Objections to registration
Another proposal concerns how to object to the registration of an LPA. Understandably, it should be easy for those wanting to raise an objection to do so and ensure that the donor is protected against fraud and abuse. The MOJ proposes to do this by providing a clearer and more streamlined process to allow all those with legitimate concerns to raise an objection to the registration of an LPA.
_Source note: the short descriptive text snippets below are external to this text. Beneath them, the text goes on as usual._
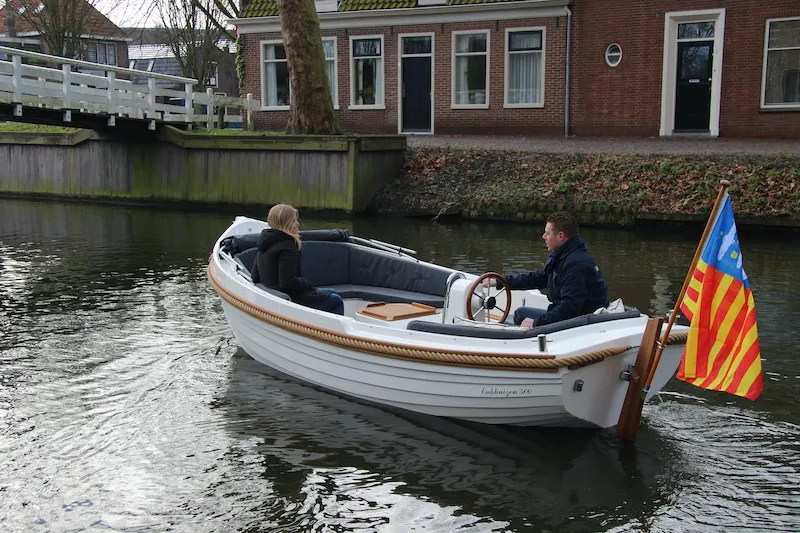 Enkhuizen 500: Aaibaar sloepje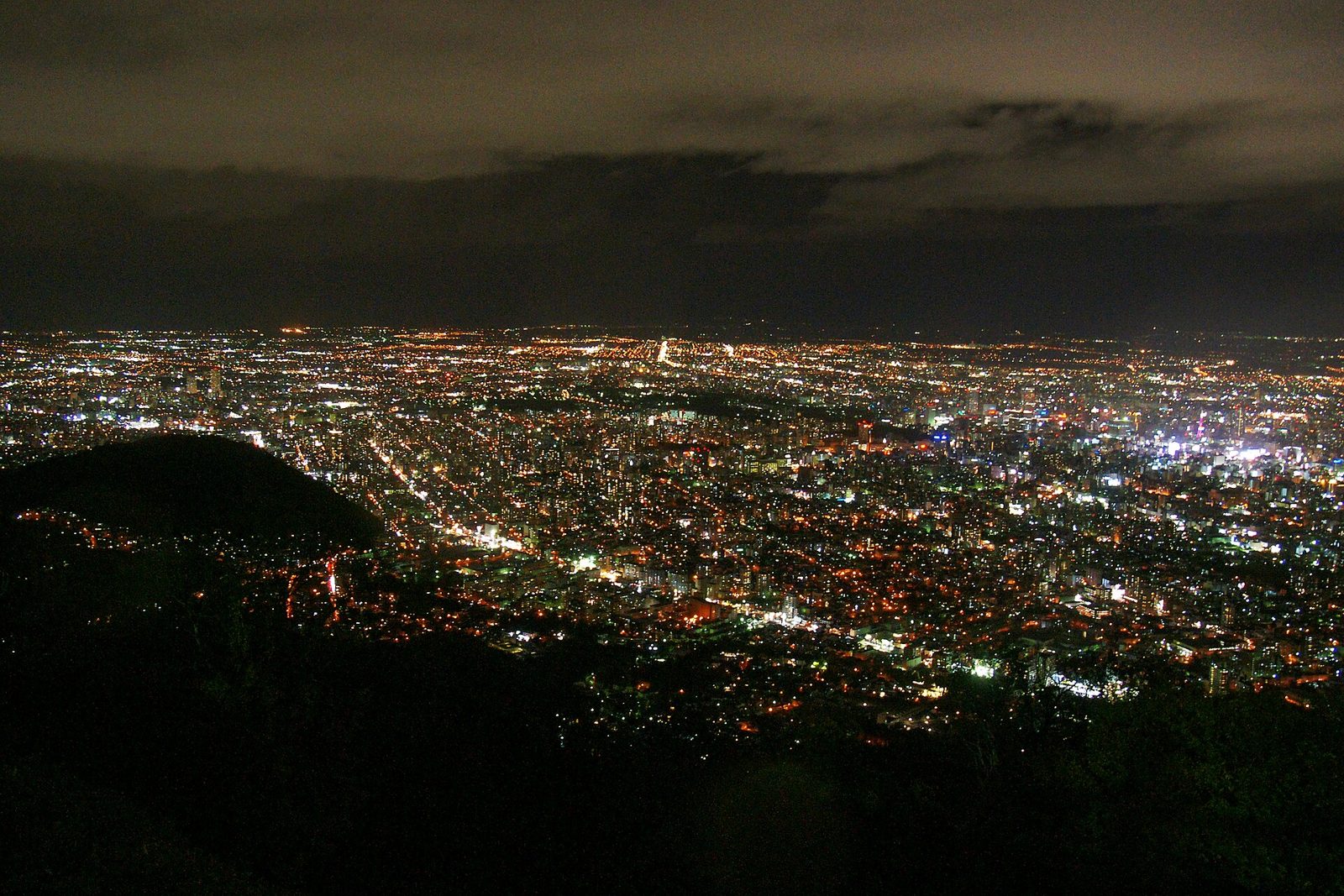 札幌カップルモデルコース｜藻岩山の夜景と定山渓・花もみじの貸切風呂（60分2,200円）を夕方から巡る1泊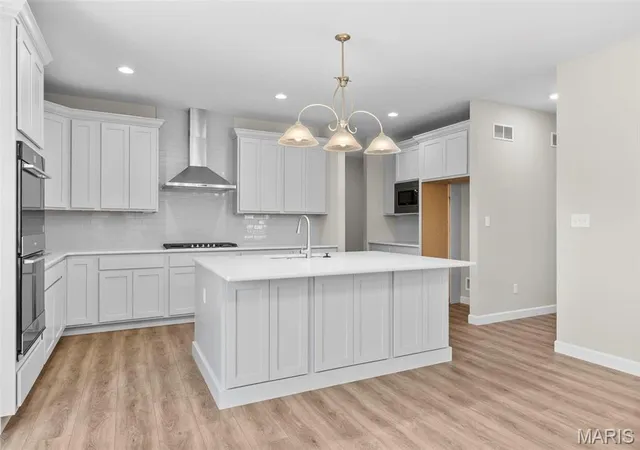 4th image of 1 Waterford Ii @ Windsor Park, Lake St Louis, MO 63367 | MLS# MIS22063907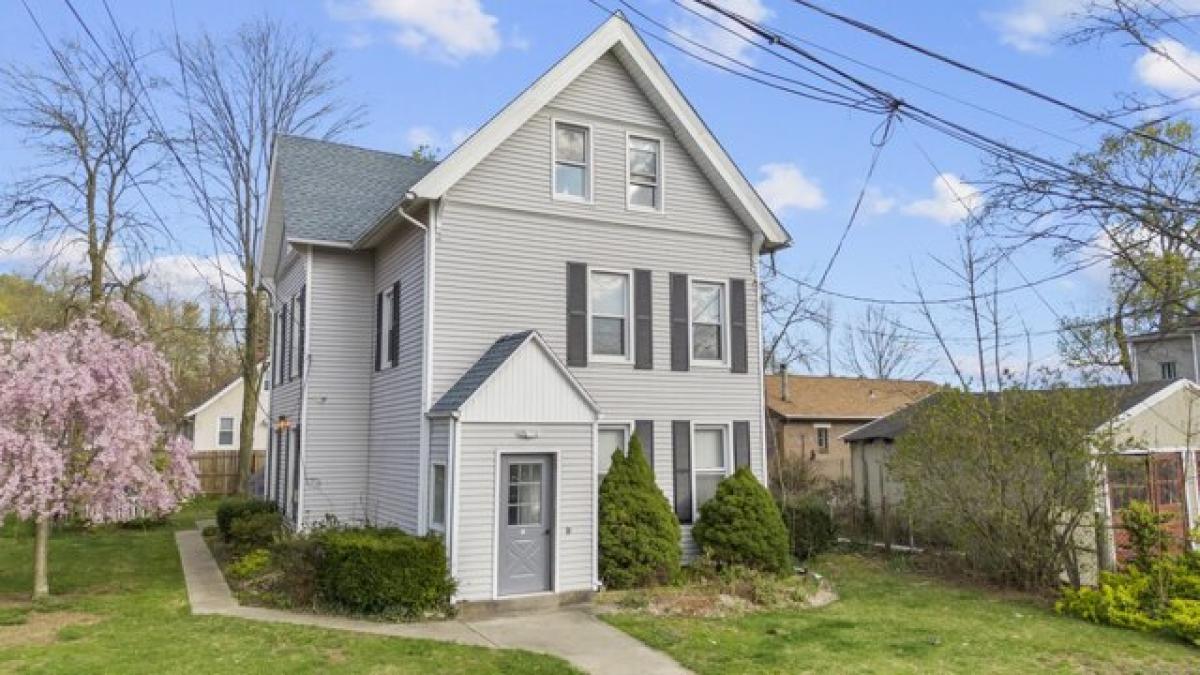 Picture of Home For Sale in Hamden, Connecticut, United States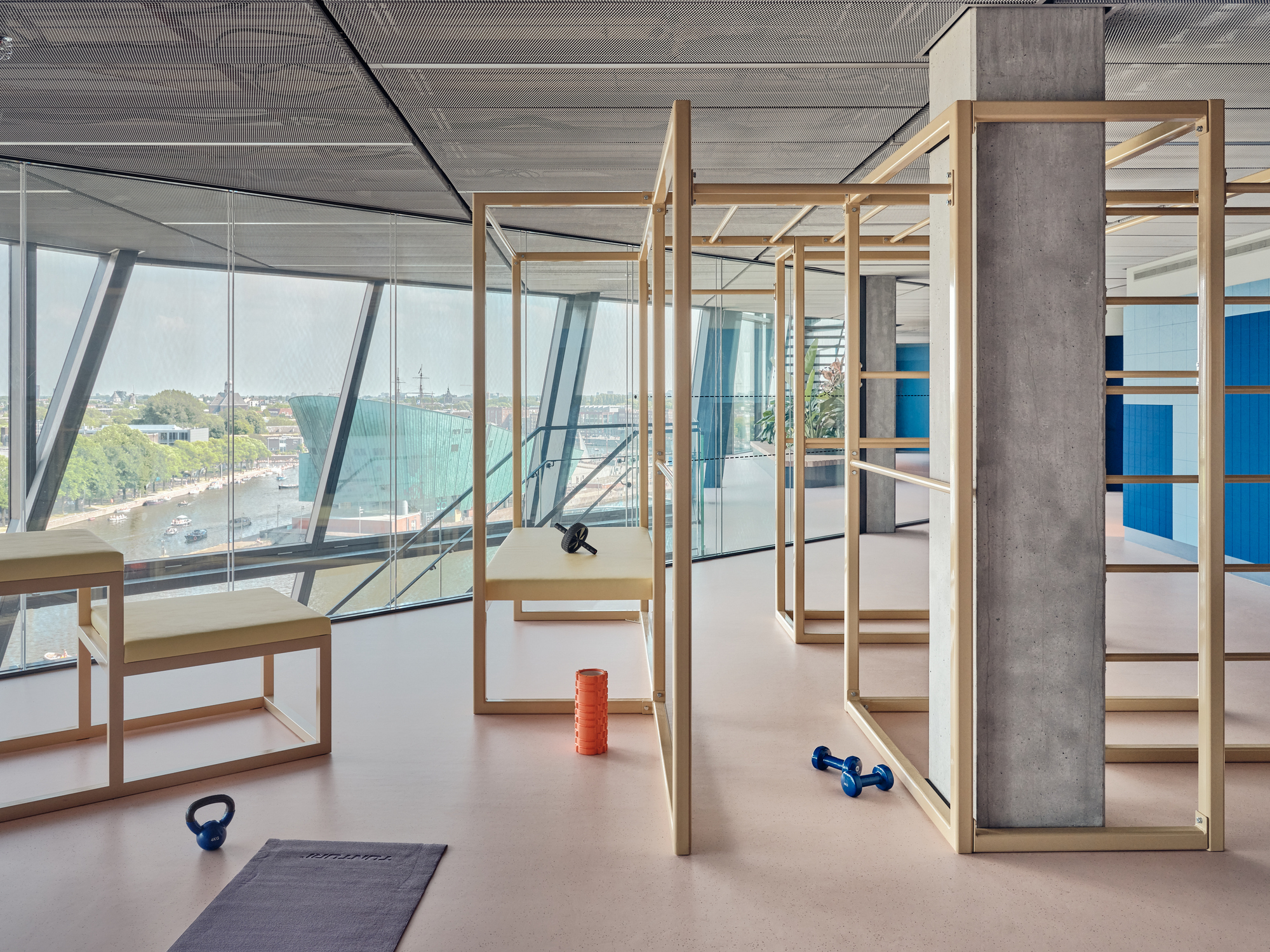 预订城市校区（的相关事务）

注：这里BOOKING理解为预订行为，CITY CAMPUS是城市校区，整体意思推测是预订与城市校区相关的事物，如场地等，但由于缺乏更多语境，只能做此宽泛翻译 丨荷兰阿姆斯特丹丨UNStudio,HofmanDujardin等多家-46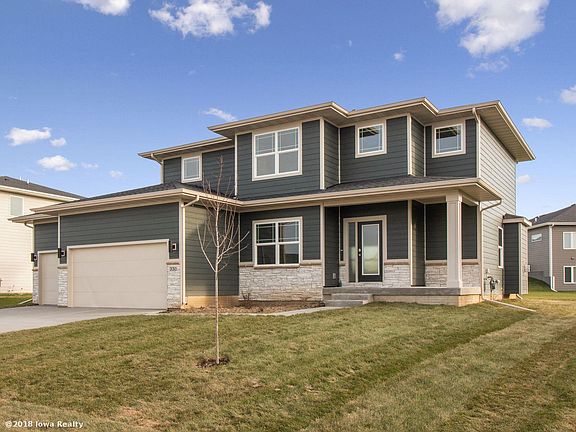 2nd image of 330 NE Wolfpack Dr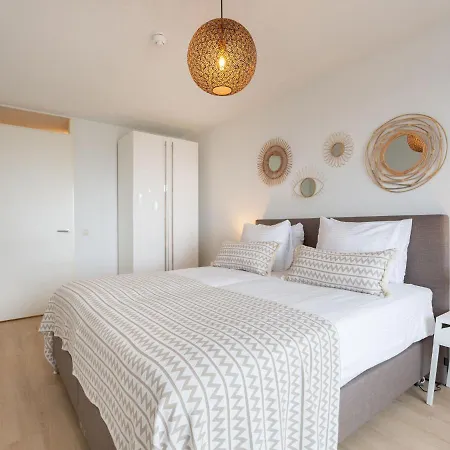 Spacious In Near Seabeach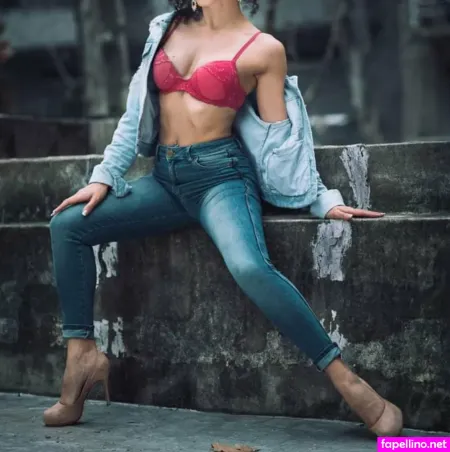 Pinkalinacurlydancer OnlyFans Thumbnail #xeAdLvW3mT
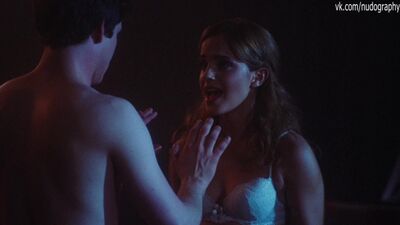 Эмма Уотсон (Emma Watson) в фильме "Хорошо быть тихоней" (The Perks of Being a Wallflower, 2012, Стивен Чбоски) 1080p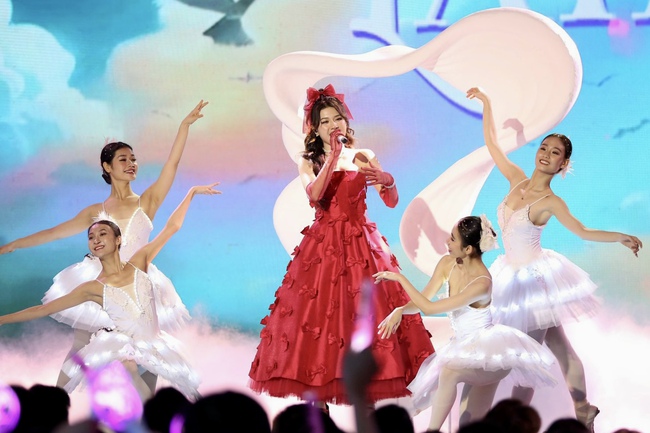 Vietnam Idol 2023: Mỹ Tâm tặng hit cho Lâm Phúc, ban giám khảo cứu thí sinh - Ảnh 7.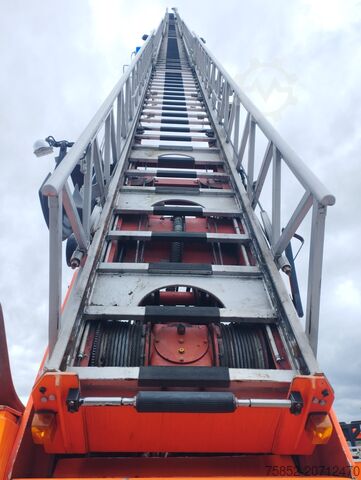 Feuerwehrauto Magirus Deutz 140-25 A DLK 23/12 Drehleiter Magirus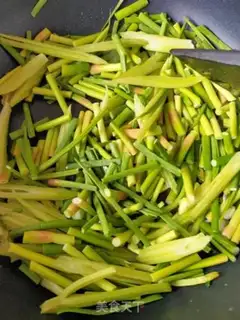 Make Garlic slag step 1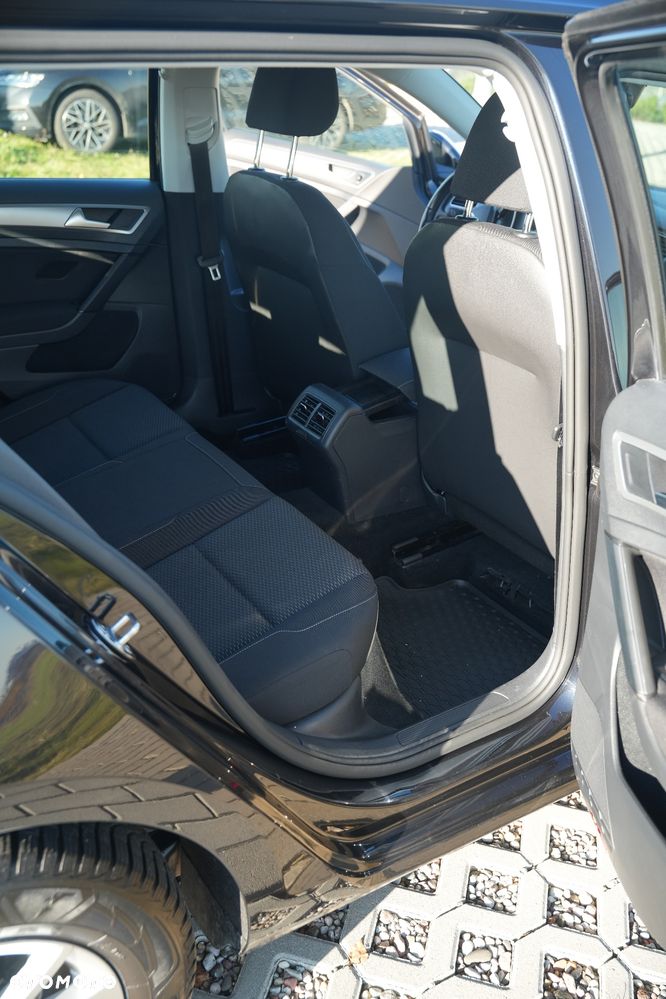 Volkswagen Golf - 23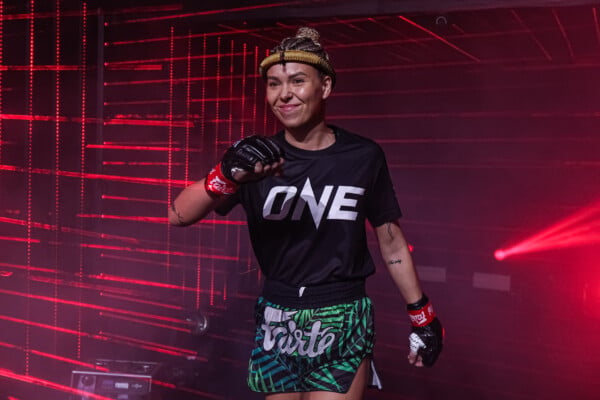 Mia Trevorrow arrives for her fight against Kokoz at The Inner Circle 14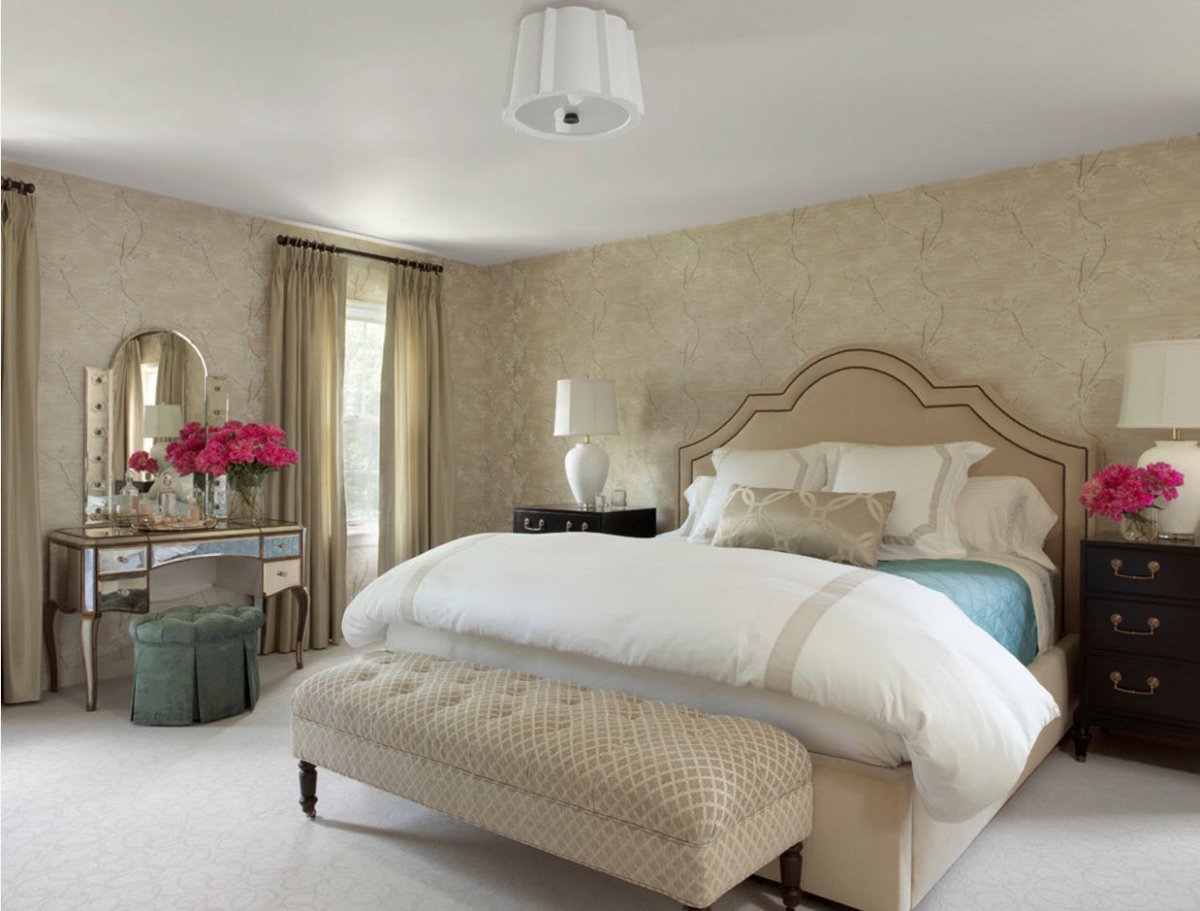 Бежевая спальня с фотообоями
We note from the consultation document that since the notification process was changed in 2015, 83% of applicants are choosing not to name someone to notify. The notification system was always an important safeguard and we would support consideration of a return to the notification process for Enduring Powers of Attorney (“EPAs”) whereby notices were mandatory and in a set order. We have seen instances in practice where spouses have not been informed that their other halves have executed an LPA in favour of another person because there is no requirement to give notice to them. The mandatory notification process continues for EPAs signed before October 2007 and we have not heard of any problems with that system. Our concern is that the current process is not doing what it is designed to do because potential objectors are simply not finding out about the LPA.
There is also a proposal as to the timescales for making objections. Our view is that reducing the four-week waiting time for objections is not going to make a significant difference to the overall timescale for registering an LPA (currently 20 weeks). Equivalent or even better time savings could be made by improving resourcing and taking on more staff at the Office of the Public Guardian (“OPG”) to process applications. As this report acknowledges, most LPAs are executed by those in their 70s, 80s and above. It is unsatisfactory to have to wait such a long time for registration to be completed.
Does the LPA service have a role for digital channels? We agree that there is a role for applications for registration to be fully made online. We are in favour of there being some form of portal (similar to the one for online probate applications) whereby solicitors can upload documents, provide verification of identification and track the progress of the application. However a digital system should not mean that the only way of executing an LPA is online.
The impact on those who rely on the service of the proposals could be a much more admin-based digital service removing important safeguards and witnessing. If what the Government wants to adopt is a “one size fits all” service then we have no doubt that it will have its way. Digital by default may be a handy catch phrase but it does nothing to prioritise safeguarding nor protection of the elderly or the vulnerable.